→ **Work instruction**: After locating "厚揚げの納豆挟み焼き作り方2写真" in the listing below, copy that line and each one after it exactly, ending with the line that has "Schoene Villa Im".

→ **Supplied material**:
****************

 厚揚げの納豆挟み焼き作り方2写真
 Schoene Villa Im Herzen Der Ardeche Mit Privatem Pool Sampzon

****************

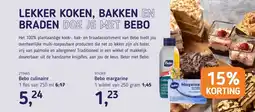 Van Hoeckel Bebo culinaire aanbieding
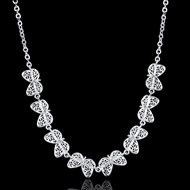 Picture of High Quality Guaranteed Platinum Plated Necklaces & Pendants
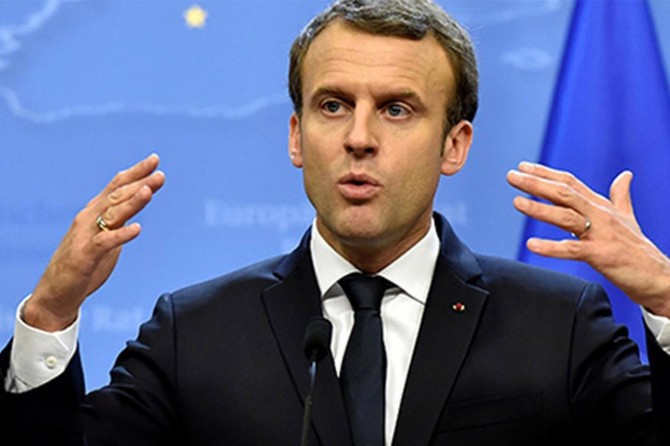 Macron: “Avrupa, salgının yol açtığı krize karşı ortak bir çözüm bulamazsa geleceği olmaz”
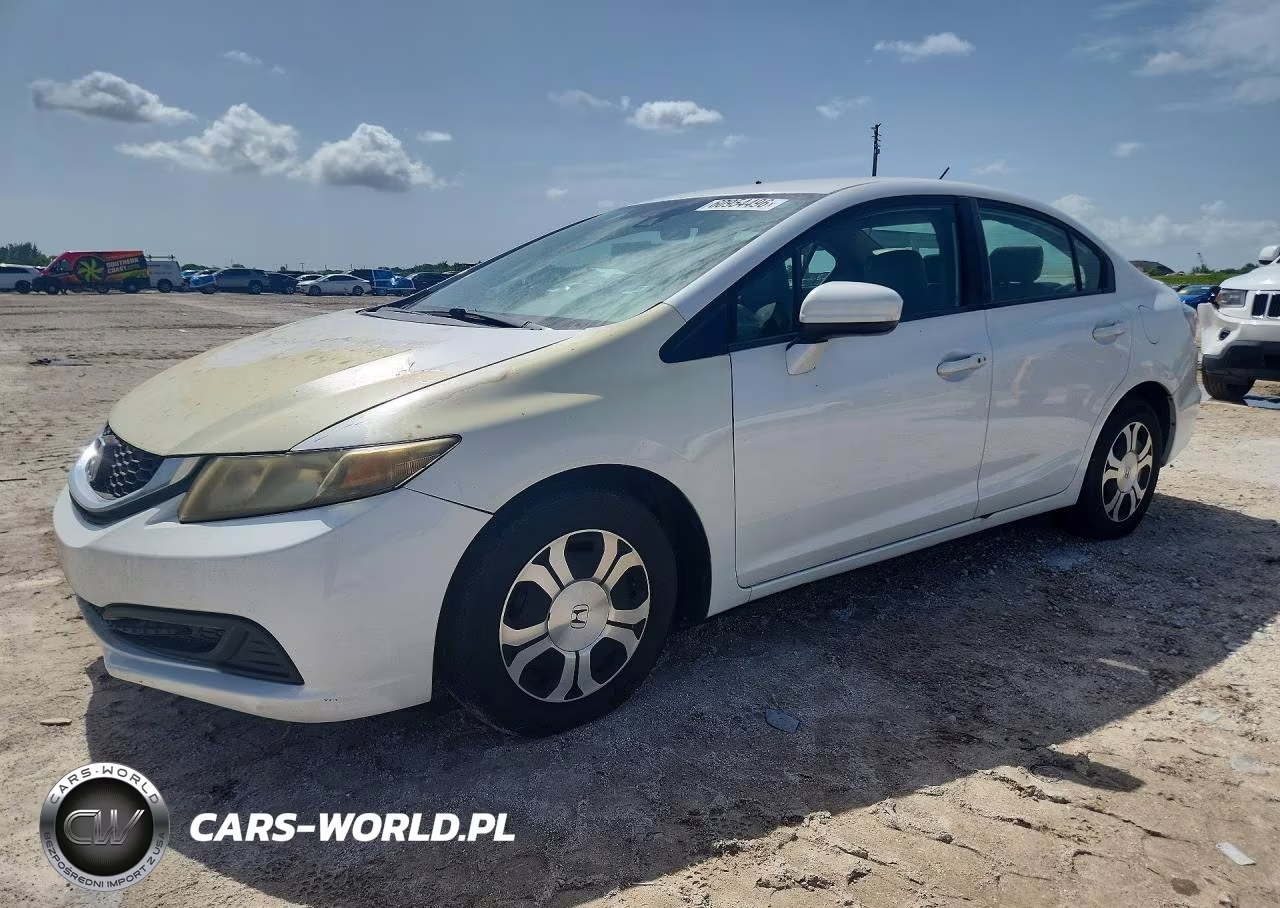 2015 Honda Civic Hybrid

****************

→ **Result**:
 厚揚げの納豆挟み焼き作り方2写真
 Schoene Villa Im Herzen Der Ardeche Mit Privatem Pool Sampzon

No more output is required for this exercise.